ContinueAsGuest · 02-06-2024 01:39 PM

I'm interested in calculating inverse percentiles for the latency of our endpoints. We're using Apigee for most of our endpoints and it supports this case easily because it emits cumulative histograms (like prometheus latency histograms) with convenient buckets (the le label).

For example, count of requests served in 1s or faster:

sum(increase(apigee_googleapis_com:proxy_latencies_bucket{monitored_resource="apigee.googleapis.com/Proxy",le="1000"}[${__interval}]))

Not all of our endpoints go through Apigee and I'd like to be able to calculate inverse percentiles for these too. Cloud Run also emits latency histograms, but I'm having 2 problems: I'm not certain they are cumulative and the buckets are not intuitive or convenient.
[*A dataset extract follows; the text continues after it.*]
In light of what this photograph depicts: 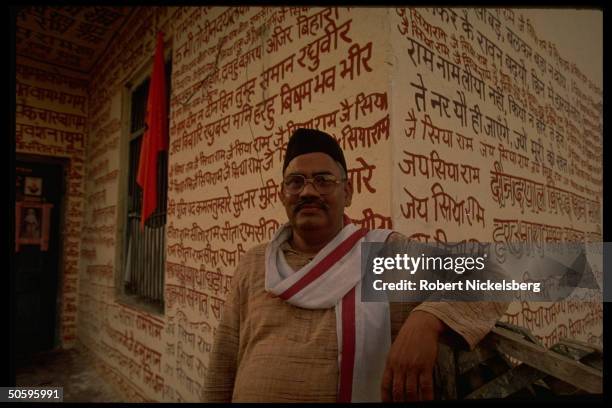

For example, le="1067.1895716335973" is the closest bucket to 1s I could find:

sum(increase(run_googleapis_com:request_latencies_bucket{monitored_resource="cloud_run_revision",le="1067.1895716335973"}[${__interval}]))

Besides calculating percentiles from these distributions, I haven't been able to find documentation on how the buckets are determined or whether I can calculate inverse percentiles from them.

Does anyone have guidance on where I can learn more about these latency distributions or how to calculate inverse percentiles?

I've see I can create log based metrics and choose the buckets there, but I'd like to be able to use out-of-the-box metrics, if possible.

Thanks for reading!

How do I work with Cloud Run latency distribution buckets?